Given a fixed integer i > 0, U-Sleep defines a deterministic function \(f({\bf{X}}^{\prime} ;\theta ):{{\mathbb{R}}}^{T\cdot i\times C}\to {{\mathbb{R}}}^{T\times K}\) for any integer T > 0, where θ is a set of parameters learned from data, \({\bf{X}}^{\prime}\) is a (section of a) PSG record, T is a number of fixed-length segments with i sampled points each, C the number of PSG channels and K is the number of sleep stages. During training, \({\bf{X}}^{\prime}\) is typically a submatrix of a longer PSG X with \({\bf{X}}^{\prime} ={\bf{X}}[\{t,\ldots ,t+i\cdot T\},\{1,\ldots ,C\}]\) for some time point t. That is, U-Sleep takes a temporal section of a PSG and outputs a sequence of labels corresponding to fixed-length, contiguous segments of time (in principle, different output labels of U-Sleep could span different lengths of time, but we assume the typical case of fixed-length segments). The input \({\bf{X}}^{\prime}\) can be any length (augmented or cut to a multiple of i; ideally Ti ≥ 4096, because there are 12 pooling operations down-sampling the signal by a factor of 2 each). For instance, when we trained U-Sleep, \({\bf{X}}^{\prime}\) spanned 17.5 min of a PSG signal. When using U-Sleep to predict sleep stages in new data, the whole PSG is input to U-Sleep (i.e., \({\bf{X}}^{\prime} ={\bf{X}}\)), which computes the whole hypnogram at once.

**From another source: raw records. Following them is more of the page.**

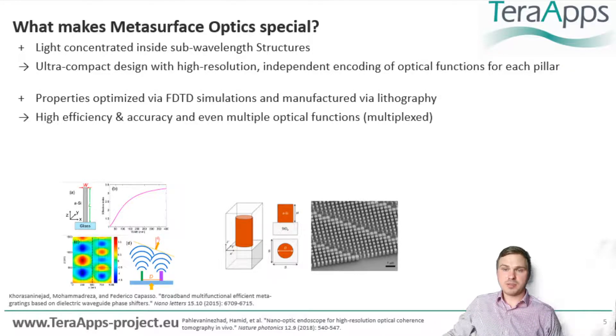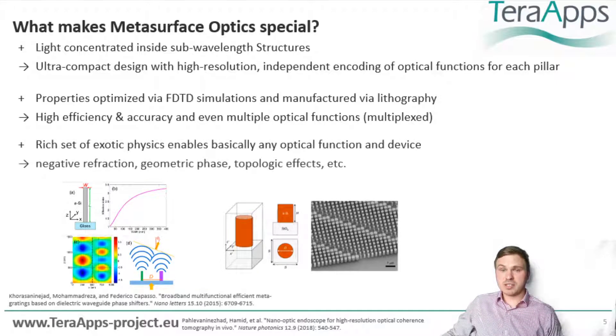Furthermore, we can simulate the optical response of each post and their interference very accurately. A two-dimensional pattern can be designed on a computer and manufactured with extreme accuracy using photolithography. This typically results in high efficiency and allows us to encode several optical functions into a single layer. Beyond this, metasurfaces are just starting to reveal the potential for the manipulation of light, with new effects discovered every month.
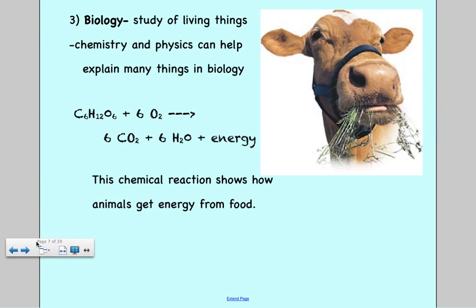The last related science is biology — the study of living things, which you covered last year. Chemistry and physics can help explain many things in biology. For example, this chemical reaction we'll learn later in the year shows how animals get energy from food: sugar (C6H12O6) from food combines with oxygen, and in that reaction it forms carbon dioxide and water, giving off energy. This shows how energy is used in biology.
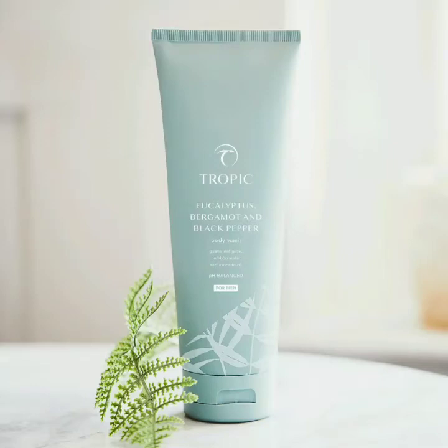Today I wanted to share with you the Made for Men collection, which has been made specifically for men but can be used by anybody, as all the Tropic products can be used by male or female.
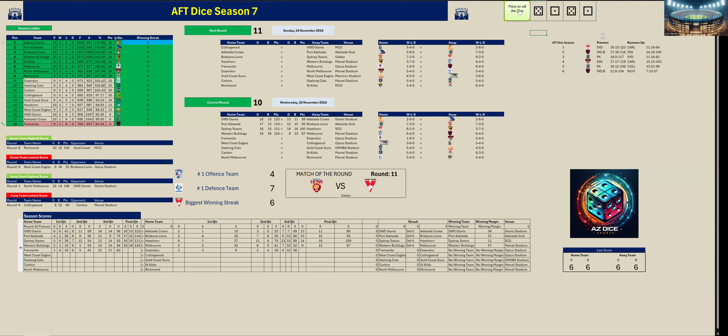Third quarter: both teams kicked six goals six apiece. At three quarter time Fremantle are up by 25 points, 83 to 58. In the last quarter Fremantle won by 20 points, kicking three goals five to Essendon's four goals four. That puts Fremantle's second win for the season on the board at home.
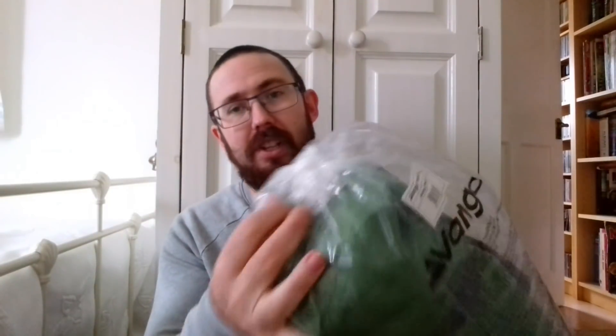This is a Vango Helvellyn two-person tent and it's still in its polythene plastic bag. The person selling it has never opened this - it's still tied up, never been set up, nothing. It's got the tags on it. This is a brand new tent, but I didn't pay brand new prices for it. Oh no, not on your nelly.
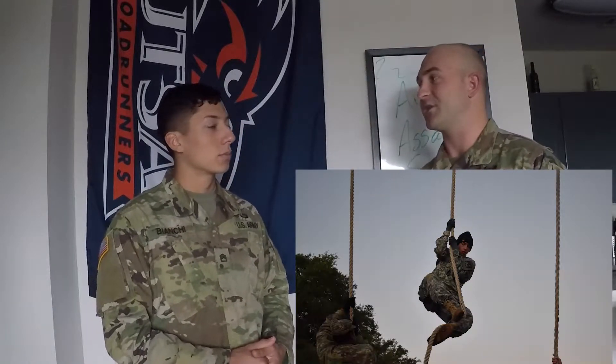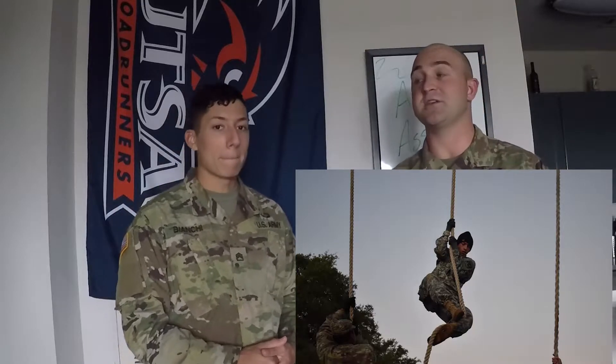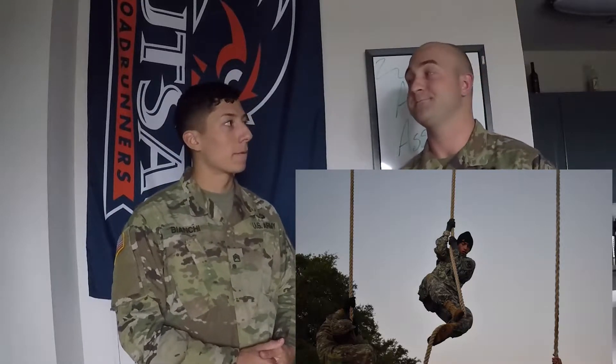Where most people struggle is actually climbing the rope. That's a good thing to train for before you go — make sure you can efficiently climb a rope and deal with your body hurting all the time.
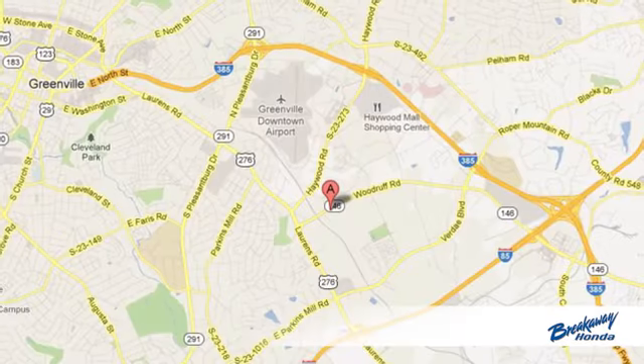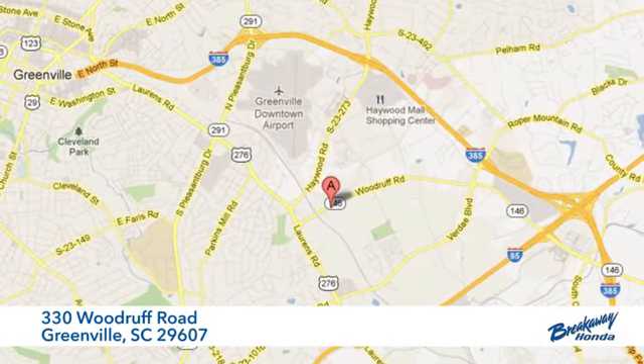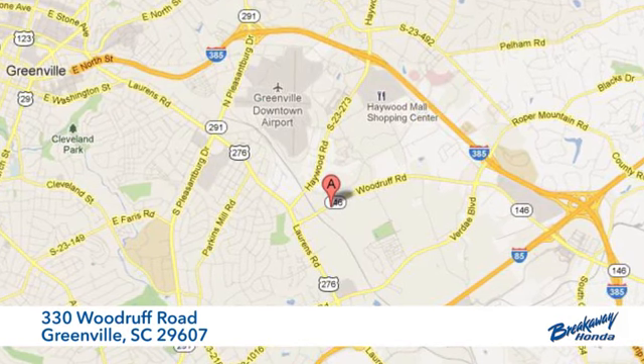Call, click, or stop in today. We're conveniently located at 330 Woodruff Road in Greenville, South Carolina.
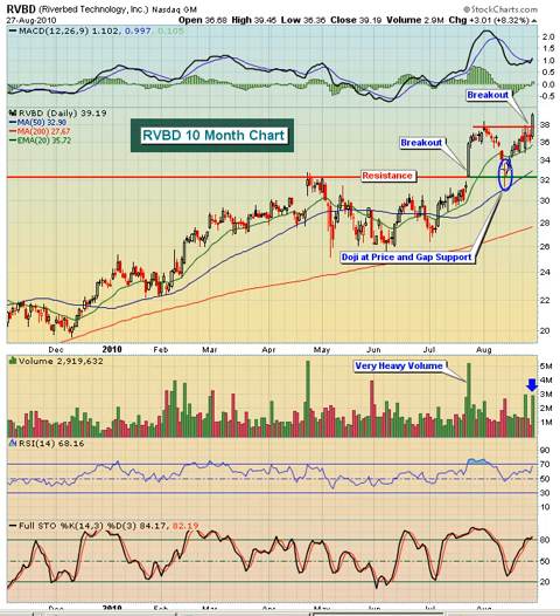We then turned around and went right back up, and on Friday broke out above the late July highs — actually, I guess that's the early August high. But you can see we had the breakout. The volume was very strong again to the upside.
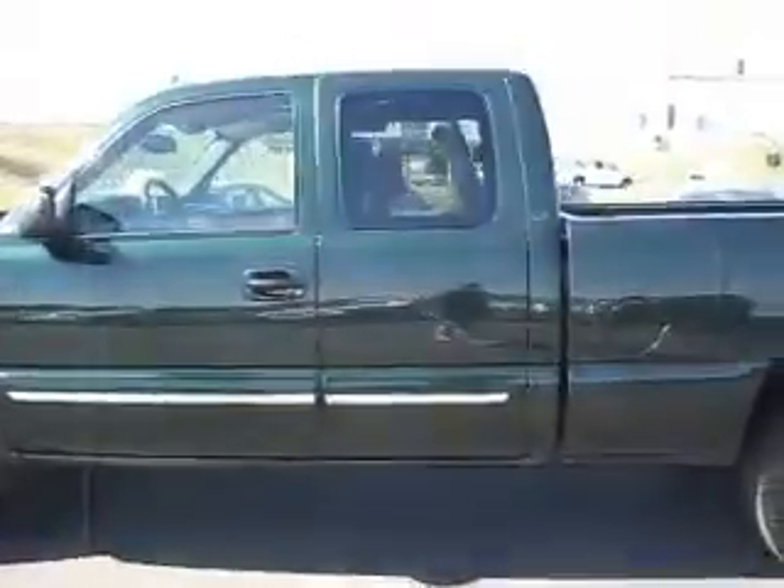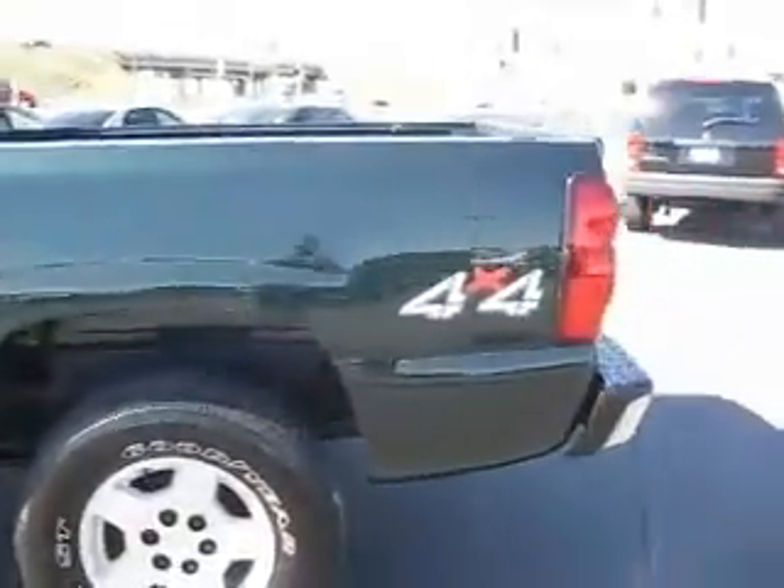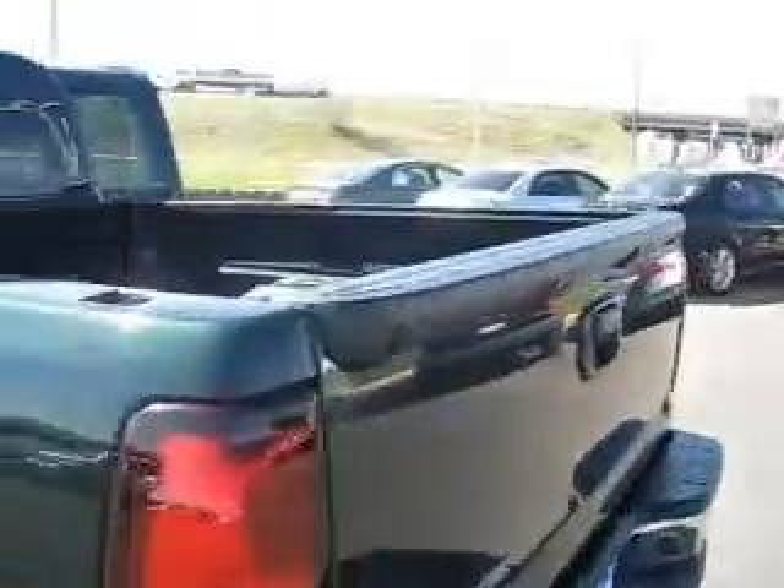The exterior of this truck is in amazing shape, and it features tinted windows. Inside the back it is a short bed, but it sure won't leave you short on cargo room. We also have towing capabilities.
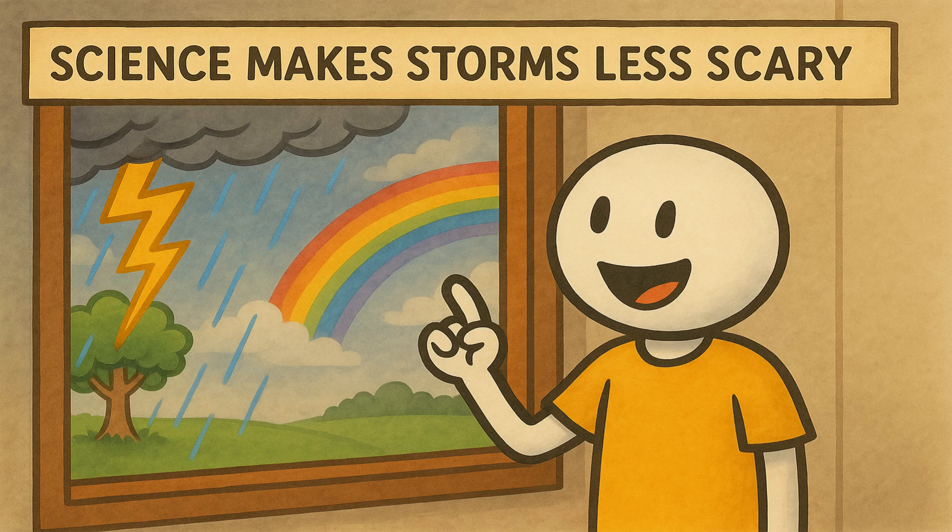The next time you see lightning streak across the sky, you'll know the science behind it and feel awe at the power of nature.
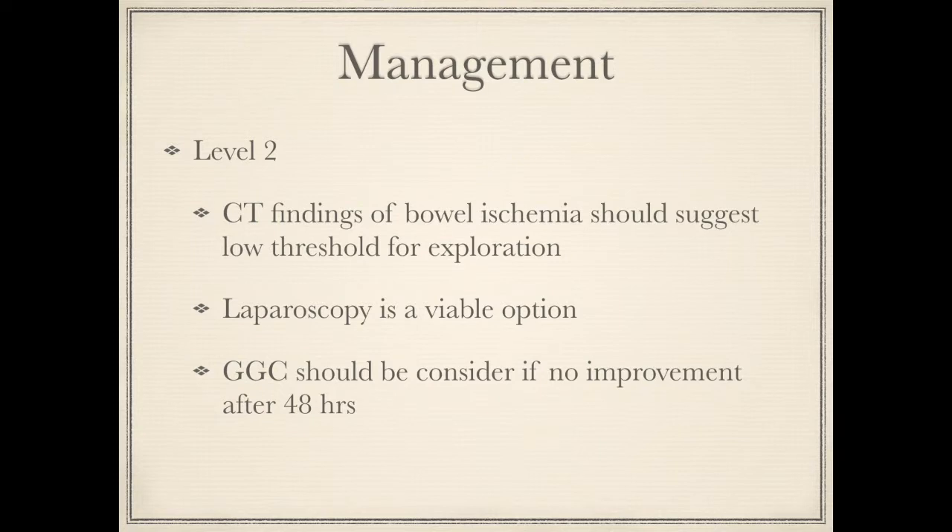Laparoscopy is also a viable option and when successful it reduces morbidity and length of stay. Water-soluble contrast should be considered if there is no resolution after the initial 48 hours, because it improves bowel function and decreases length of stay due to its diagnostic and therapeutic potential.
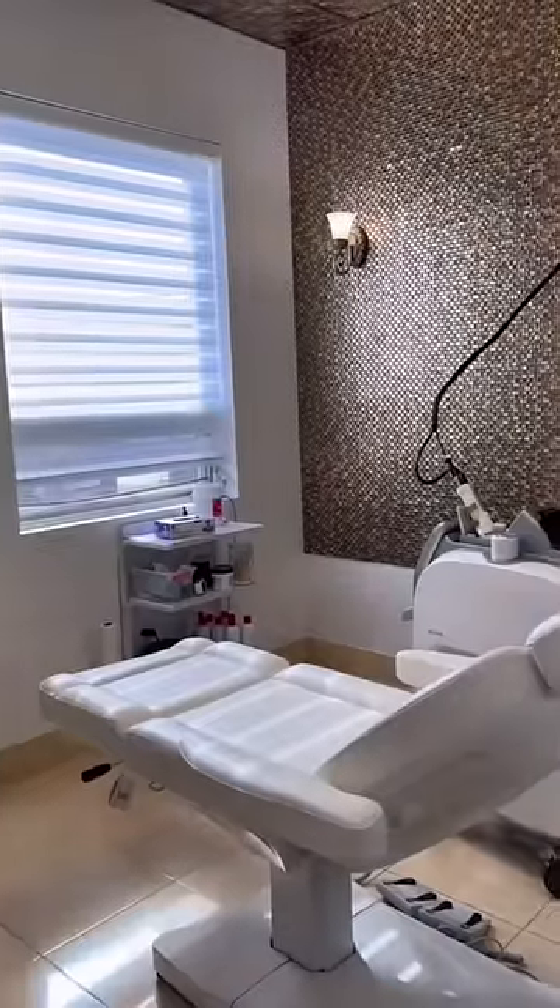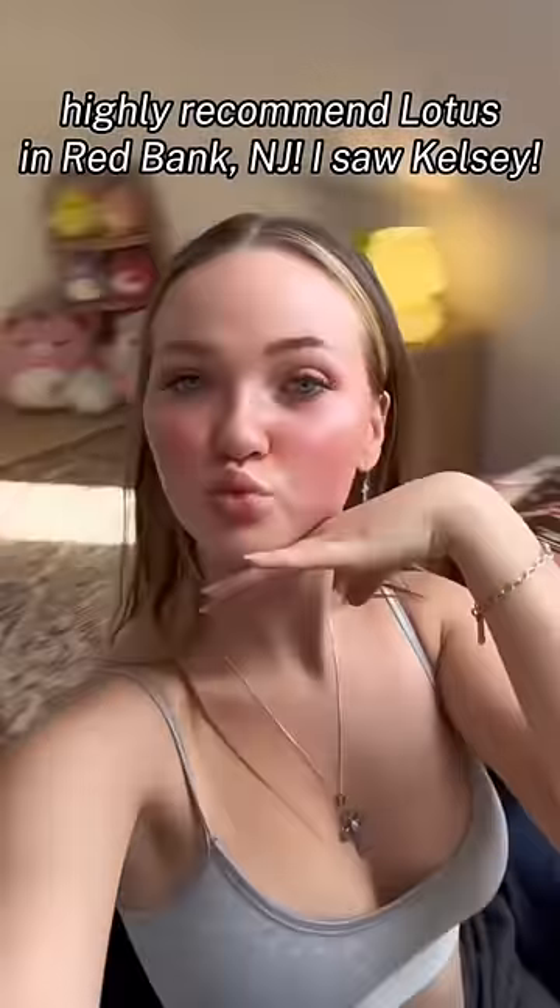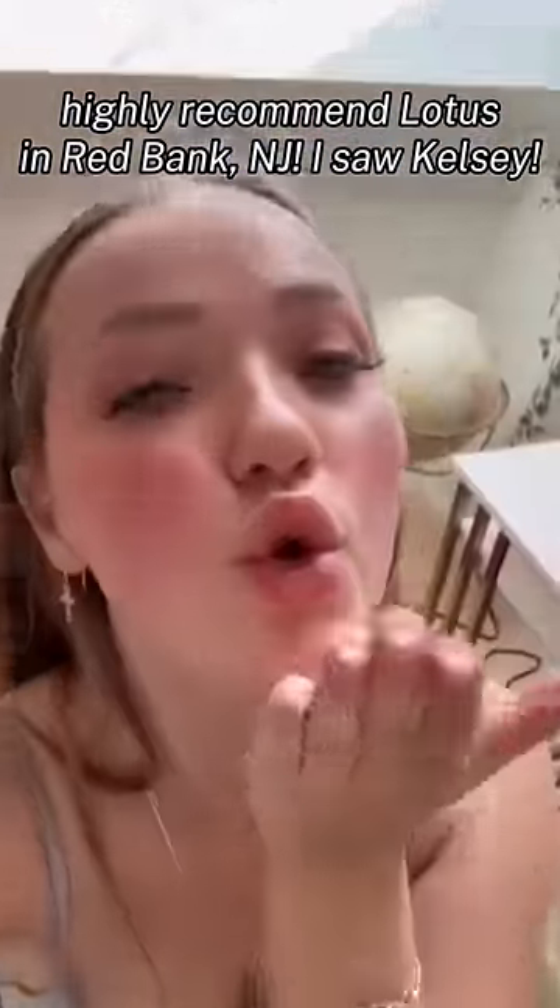This was the laser that they used on me, and the laser room was so adorable. Here's me freaking out right before I got my laser done. This is what my underarms look like freshly shaven before laser. Lotus made this experience so amazing and I'm so excited to see my final results.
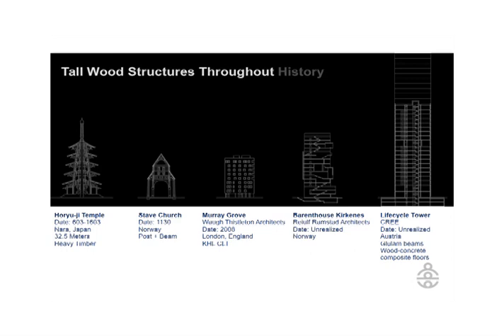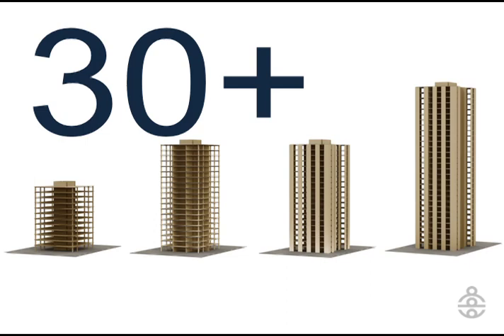Murray Grove is considered right now the tallest modern wood building in the world — it's in London, England. There's a little bit of a race to the top going on right now around the world. There are a number of groups looking at doing tall timber buildings: a group in Norway has studied a 17-story building, which is as of now unrealized, with a concrete core. There's a 20, possibly 30-story building being studied in Austria using wood-concrete composite and, again, a concrete core. But our study is unique in that it's been carried out in a high seismic zone with an all-solid wood core.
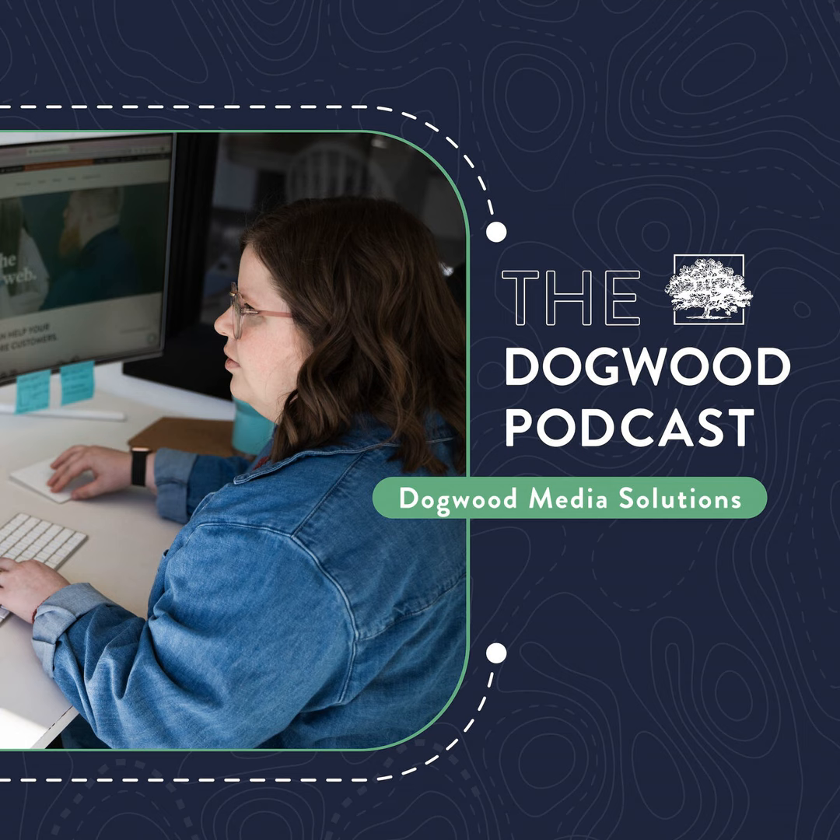Thanks for tuning in to the Dogwood Media Solutions Podcast. I'm your host Lauren Cumby, and today we'll be talking to our videographer friend Nick Wells about B-roll and the important role it plays in your video projects.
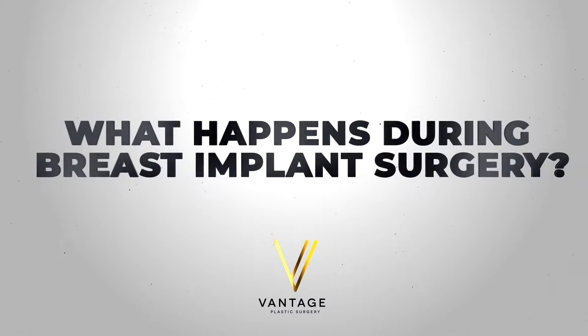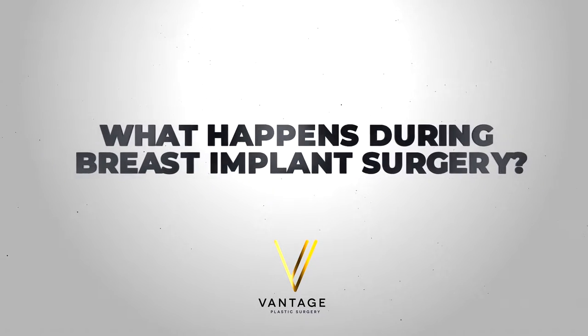What happens during breast implant surgery? Is it under general anesthesia? During breast implant surgery, we use several incisions to insert the breast implant.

The provided U-Sleep system requires at least two input channels (C = 2), one EEG and one EOG channel, respectively, sampled or re-sampled to 128 Hz. It assumes K = 5 different stages {Wake, N1, N2, N3, REM}.

Machine learning model

U-Sleep is a fully convolutional deep neural network refining its predecessor U-Time43, which we recently devised for time-series segmentation problems such as sleep staging (the differences between U-Sleep and U-Time are described below). In the following, we outline the U-Sleep architecture. We refer to Fig. 2 for a schematic overview and to Supplementary Table 2 for additional details on the configuration of the individual layers.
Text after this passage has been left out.